We were a group of about 30 travelers headed to the Wulong karst region, part of the UNESCO World Heritage Property of South China Karst, which comprises seven karst clusters.
The karst terrain of Wulong is situated about three and a half hours away from Chongqing, a bustling metropolis famed for its spicy hotpot located at the confluence of the Jialing and Yangtze rivers in southwestern China.
Visitors throng to Wulong to see its giant sinkholes, natural bridges and caves; it has a prehistoric charm and a pristine beauty all its own.
We had come to experience some of its famed attractions, including tiankeng, or the three natural bridges, and the Longshuixia gap, a deep gorge surrounded by sheer cliff, natural waterfalls and stalactite formations.
Our uneventful trip started at 7:30 am sharp from the downtown area of Chongqing, with a break for a sumptuous, yet simple Chinese-style brunch at 10:30 am and arrival at the ticket counters by 11:30 am. A few meters past the entrance is an oversized modern glass ledge that extends a good few meters from the rocky outcrop to offer a spectacular first view.

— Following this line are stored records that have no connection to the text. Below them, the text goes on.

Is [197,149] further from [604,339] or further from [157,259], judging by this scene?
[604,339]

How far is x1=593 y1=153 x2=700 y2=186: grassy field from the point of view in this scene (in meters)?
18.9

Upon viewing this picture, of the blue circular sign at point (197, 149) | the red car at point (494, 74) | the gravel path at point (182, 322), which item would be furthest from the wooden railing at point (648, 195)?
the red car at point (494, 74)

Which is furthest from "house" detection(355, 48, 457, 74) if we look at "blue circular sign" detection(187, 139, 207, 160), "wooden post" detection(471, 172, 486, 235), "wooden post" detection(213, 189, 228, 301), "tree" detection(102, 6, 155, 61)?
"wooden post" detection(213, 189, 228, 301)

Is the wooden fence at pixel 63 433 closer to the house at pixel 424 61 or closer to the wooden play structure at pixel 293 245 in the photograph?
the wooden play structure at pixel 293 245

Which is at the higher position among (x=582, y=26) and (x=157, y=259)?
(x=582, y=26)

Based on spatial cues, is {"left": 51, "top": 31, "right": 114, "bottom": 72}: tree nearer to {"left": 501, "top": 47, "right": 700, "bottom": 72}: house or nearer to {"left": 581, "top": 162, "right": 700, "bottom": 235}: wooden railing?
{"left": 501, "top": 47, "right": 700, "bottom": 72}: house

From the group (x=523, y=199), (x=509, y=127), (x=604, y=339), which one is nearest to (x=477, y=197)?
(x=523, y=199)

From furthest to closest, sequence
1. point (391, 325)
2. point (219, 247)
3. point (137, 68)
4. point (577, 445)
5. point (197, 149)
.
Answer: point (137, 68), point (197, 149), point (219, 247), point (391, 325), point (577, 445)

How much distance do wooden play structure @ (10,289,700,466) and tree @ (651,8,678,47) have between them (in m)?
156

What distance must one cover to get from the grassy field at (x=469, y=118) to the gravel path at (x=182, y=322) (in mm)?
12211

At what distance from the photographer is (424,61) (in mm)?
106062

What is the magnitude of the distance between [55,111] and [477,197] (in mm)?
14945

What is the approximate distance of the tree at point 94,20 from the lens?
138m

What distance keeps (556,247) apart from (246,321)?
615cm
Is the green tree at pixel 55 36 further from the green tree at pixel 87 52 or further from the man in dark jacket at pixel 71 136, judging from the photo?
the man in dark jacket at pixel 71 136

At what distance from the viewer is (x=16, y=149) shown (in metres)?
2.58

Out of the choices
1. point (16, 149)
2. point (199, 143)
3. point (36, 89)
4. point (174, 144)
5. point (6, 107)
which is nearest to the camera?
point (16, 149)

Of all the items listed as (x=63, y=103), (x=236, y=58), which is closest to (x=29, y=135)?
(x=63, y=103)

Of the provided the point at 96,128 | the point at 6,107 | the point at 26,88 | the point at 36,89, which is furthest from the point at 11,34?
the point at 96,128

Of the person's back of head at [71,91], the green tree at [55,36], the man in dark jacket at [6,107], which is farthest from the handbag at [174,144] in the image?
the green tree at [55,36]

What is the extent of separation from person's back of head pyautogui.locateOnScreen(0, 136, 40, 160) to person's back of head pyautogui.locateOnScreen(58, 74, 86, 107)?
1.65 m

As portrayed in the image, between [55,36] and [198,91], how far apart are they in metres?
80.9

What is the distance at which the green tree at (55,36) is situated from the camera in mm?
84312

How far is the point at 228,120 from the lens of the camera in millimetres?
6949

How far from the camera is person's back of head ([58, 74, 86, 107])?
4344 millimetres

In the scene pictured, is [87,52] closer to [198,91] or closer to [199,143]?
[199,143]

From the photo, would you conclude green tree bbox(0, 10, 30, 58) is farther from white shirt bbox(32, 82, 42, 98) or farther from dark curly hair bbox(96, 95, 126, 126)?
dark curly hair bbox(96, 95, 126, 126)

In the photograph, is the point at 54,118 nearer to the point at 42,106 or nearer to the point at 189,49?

Standing on the transparent structure and considering with quickening breath a drop of several hundred meters is certainly not for the fainthearted, I thought, as I started taking pictures and recording videos. Soon, we embarked on a 45-minute walk along well-cut steps, hugging the cliff face at times, to an elevator for a bottom-up view of the unique bridges as well as to a remarkably well-preserved small outpost that served as a way station and post office for travelers several hundred years ago.
In fact, the local authorities have gone the extra mile to ensure that the whole exercise is a hassle-free one for tourists, especially the elderly.
The three natural bridges — Tianlong, Qinglong and Heilong — have, we were told, formed stunning backdrops to scenes from Michael Bay's Transformers: Age of Extinction and Zhang Yimou's Curse of the Golden Flower.
Standing in awe a little distance away from each of the three bridges and clicking quite a few pictures in the rain, I made a mental note to watch these movies once again to admire their grandeur on celluloid. Absorbing the sights and sounds of the bridges was an unforgettable experience and the intermittent drizzle through the day made it even more memorable; their breathtaking scope is sure to blow your mind, too.
Two hours later, some of us were hopping on to a minibus to Longshuixia gap, a subterranean world that gradually slopes down to depths of over 250 meters, with steps winding all the way down the craggy limestone gorge to the exit about 2 kilometers away, leaving me wonder-struck at its untamed charm and tranquillity.
This is as marvelous as the three natural bridges and a must-see if you plan on visiting Wulong. I was reluctant to leave, I must confess.
Our return journey began at 3:45 pm and by the time we reached the city at 6:45 pm, I was already missing the stillness and majesty of the ancient karst.